Like most music fans, my first experience with Cobain and Nirvana was late one night on MTV, watching and listening to the outrageous video for “Smells Like Teen Spirit.”
“This is pretty entertaining,” I thought. “But these guys will never see the light of day. They’re too dangerous for America.”
Three years and millions of albums and one moronic decision later, Kurt Cobain and Nirvana are dead, and a new generation has its first rock music martyr.
Please, don’t fall for it. Sometime last week, Cobain was the ultimate coward, putting a shotgun to his head and pulling the trigger. It doesn’t make him a hero. It doesn’t mean he’ll live forever.
The music will always be there. There will always be the irony of the title of the band’s final release, “I Hate Myself and Want to Die.” And there will henceforth be a number of us who choke up just a little bit when we hear Cobain sing, “And I swear I don’t have a gun.”
But please, don’t canonize the guy. There’s nothing romantic about killing yourself. After killing yourself, there’s nothing. Sure, Cobain was the center of attention in our channel-surfing universe for about a day, but after that, we all moved on to other things.
Foolishly, each generation has had its heroes who have become bigger than life for doing themselves in. If Cobain’s contemporaries want to prove they’re truly different and better than those who went before, they’ll reject placing the man on an altar next to Jim Morrison, Jimi Hendrix, Keith Moon, Janis Joplin, Sid Vicious (insert your favorite here).
Kurt Cobain was a talented and troubled man. He had what many thought should have been enough to make him happy -fame, recognition and money. It obviously wasn’t what he needed.

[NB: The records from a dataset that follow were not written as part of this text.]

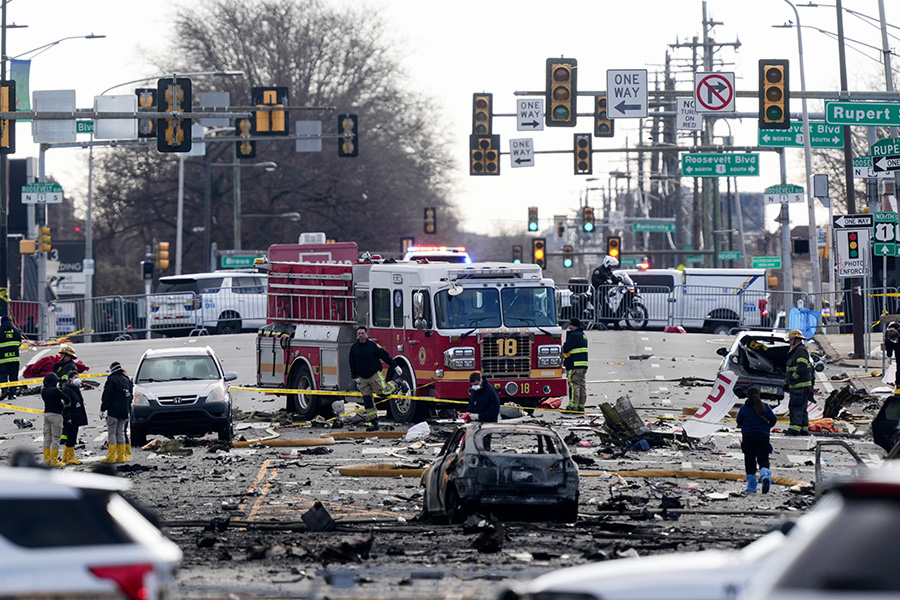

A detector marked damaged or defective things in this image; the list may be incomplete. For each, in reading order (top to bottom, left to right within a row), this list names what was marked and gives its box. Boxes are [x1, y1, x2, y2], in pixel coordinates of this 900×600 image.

burnt tire [288, 364, 320, 420]
burned car [716, 330, 824, 400]
burned car [420, 420, 576, 524]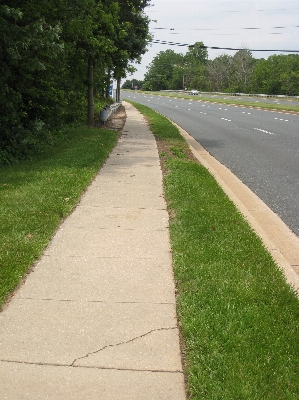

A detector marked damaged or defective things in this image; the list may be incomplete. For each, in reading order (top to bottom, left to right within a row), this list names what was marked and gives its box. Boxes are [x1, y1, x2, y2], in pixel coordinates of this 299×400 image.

crack in sidewalk [70, 326, 179, 368]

Perhaps the most fitting eulogy for Cobain would be to acknowledge that as a songwriter and singer, he had few peers. He was just a lousy human being, and the last thing he did proved that.
Pointed? Certainly. A little harsh? Possibly. As I read it now, 22 years later, would I change anything? No. I might not write it the same way now, but dammit, I was mad at Cobain. (I was also mad at all of the little shitheads on Prodigy bulletin boards with whom I was debating Cobain’s final gesture.)

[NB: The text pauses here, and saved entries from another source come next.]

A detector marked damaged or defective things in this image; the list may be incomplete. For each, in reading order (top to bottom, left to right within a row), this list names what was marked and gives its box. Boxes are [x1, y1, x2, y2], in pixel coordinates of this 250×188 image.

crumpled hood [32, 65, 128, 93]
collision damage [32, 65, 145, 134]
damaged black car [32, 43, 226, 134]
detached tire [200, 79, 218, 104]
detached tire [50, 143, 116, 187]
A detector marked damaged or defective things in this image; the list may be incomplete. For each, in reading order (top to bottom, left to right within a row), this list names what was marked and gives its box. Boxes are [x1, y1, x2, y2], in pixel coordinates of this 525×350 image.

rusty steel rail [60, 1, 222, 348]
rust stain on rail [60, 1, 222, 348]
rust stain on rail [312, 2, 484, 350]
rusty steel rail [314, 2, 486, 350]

(You read that right. Prodigy. I didn’t have a Compuserve account, but I knew people who did. And I remember having to pay for individual e-mails when I sent or received them from “The Internet.”)
The next day, I received a call from an adult female reader who criticized what I wrote. She told me she was disgusted, and it was the worst thing she’d ever read, because it was so depressing.

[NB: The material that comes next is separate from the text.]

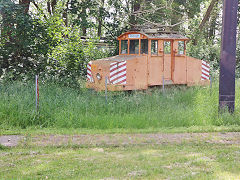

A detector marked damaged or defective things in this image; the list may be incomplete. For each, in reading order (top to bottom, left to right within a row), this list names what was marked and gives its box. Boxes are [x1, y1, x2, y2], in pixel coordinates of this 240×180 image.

rusty metal panel [219, 0, 238, 112]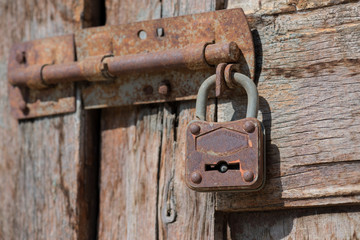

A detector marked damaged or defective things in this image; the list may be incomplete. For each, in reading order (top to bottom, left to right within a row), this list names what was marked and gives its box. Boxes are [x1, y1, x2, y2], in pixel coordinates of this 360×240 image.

rusty padlock [186, 72, 264, 191]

I thanked her. She demanded to know why I thanked her.
“A man committed suicide,” I said, “and you’re more depressed because of something I wrote. That makes me a pretty good writer.”
That wasn’t what she wanted to hear.
A week later, the paper ran a teenager’s response to my thoughts:
I am writing to you in regards to Tim Cain’s article last Thursday on the death of Nirvana ’s Kurt Cobain.
I don’t believe that you should criticize someone the way Cain did.
I know that it wasn’t smart of Cobain to kill himself, but I don’t think that Cain should have said “he was a lousy human being.”
Neither Cain or anyone else should say that about someone. Cobain might not have been the smartest or bravest person, but you shouldn’t say he was “the ultimate coward.”
I may only be 14, but at least I have respect for others -dead or alive.
Scott Dillman is a freshman at MacArthur High School in Decatur. He’s been a Nirvana fan for about three years and also enjoys music by the Doors, Ozzy Osbourne, Led Zeppelin and Nazareth.
Maybe Scott was right. He’s certainly entitled to his opinion, in either case.
But seriously? He enjoys music by Nazareth? I thought I was the only one who admitted that.